EXERCISE OBJECTIVE:
Please write out the whole listing that follows exactly; the pictures stay out.

● ● ●

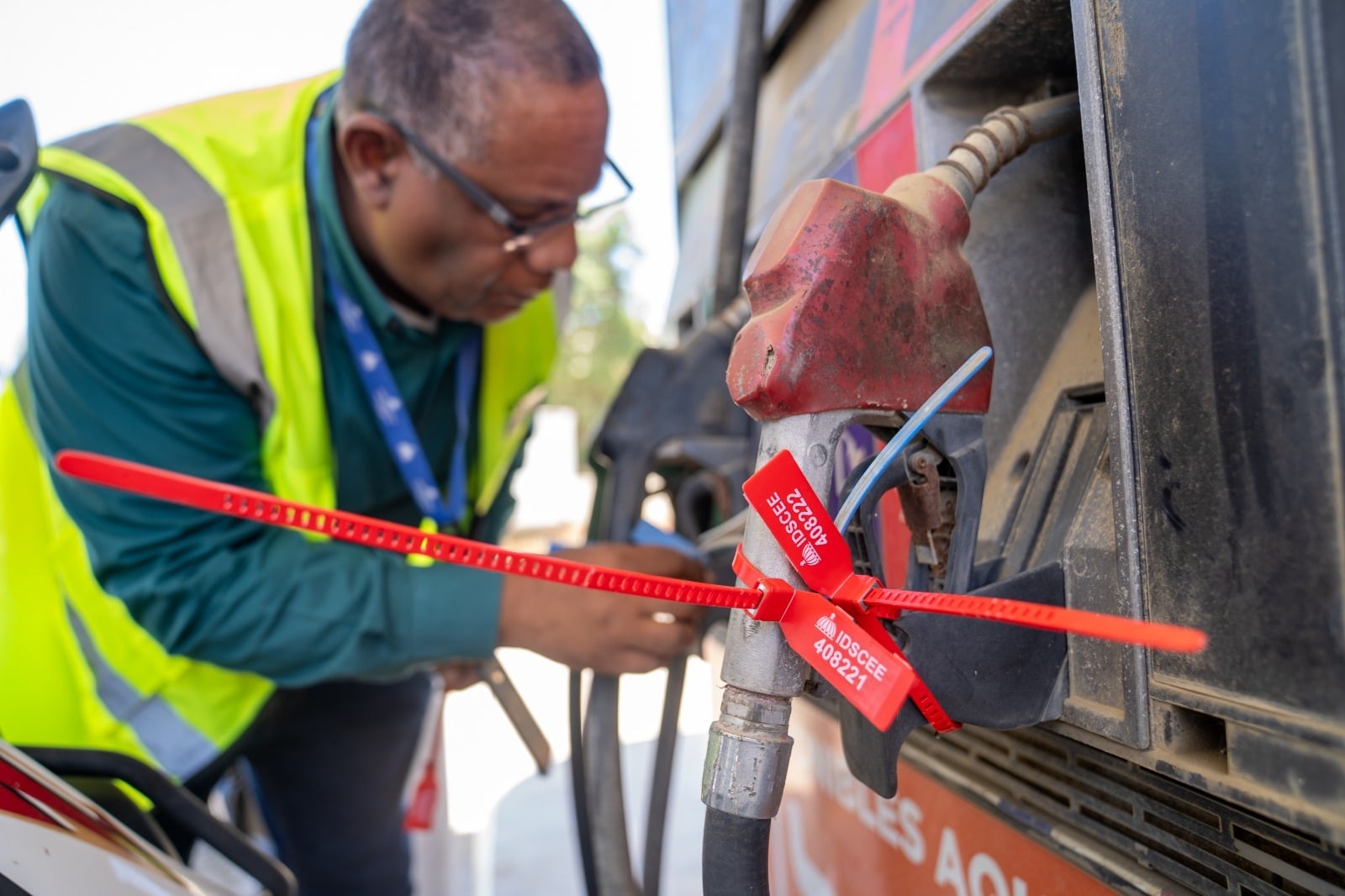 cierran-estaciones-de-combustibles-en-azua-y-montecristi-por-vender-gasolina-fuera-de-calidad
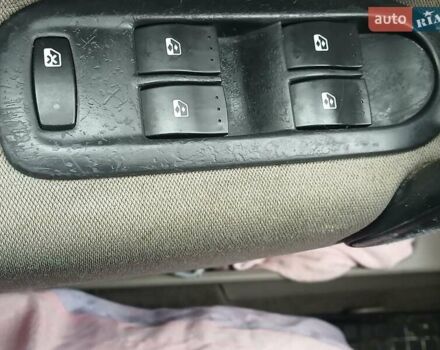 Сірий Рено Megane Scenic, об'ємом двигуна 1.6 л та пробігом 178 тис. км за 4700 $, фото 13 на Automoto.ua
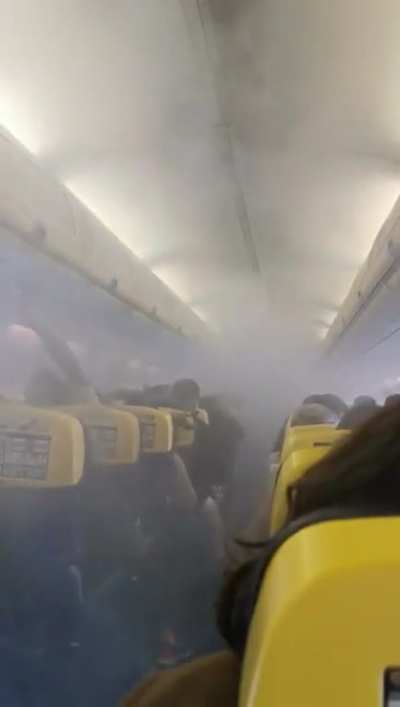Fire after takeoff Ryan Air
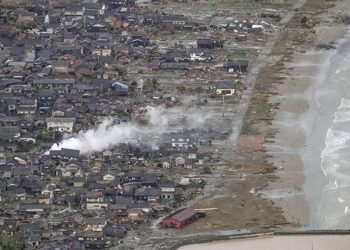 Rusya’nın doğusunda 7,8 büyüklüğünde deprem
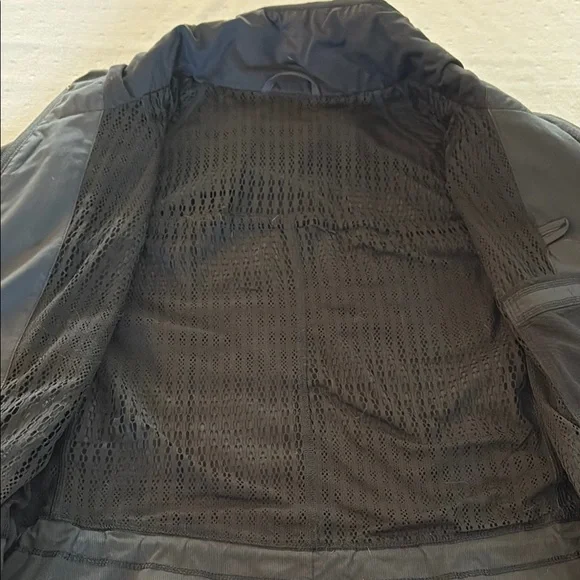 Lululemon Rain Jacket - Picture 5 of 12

● ● ●

TASK RESULT:
 cierran-estaciones-de-combustibles-en-azua-y-montecristi-por-vender-gasolina-fuera-de-calidad
 Сірий Рено Megane Scenic, об'ємом двигуна 1.6 л та пробігом 178 тис. км за 4700 $, фото 13 на Automoto.ua
Fire after takeoff Ryan Air
 Rusya’nın doğusunda 7,8 büyüklüğünde deprem
 Lululemon Rain Jacket - Picture 5 of 12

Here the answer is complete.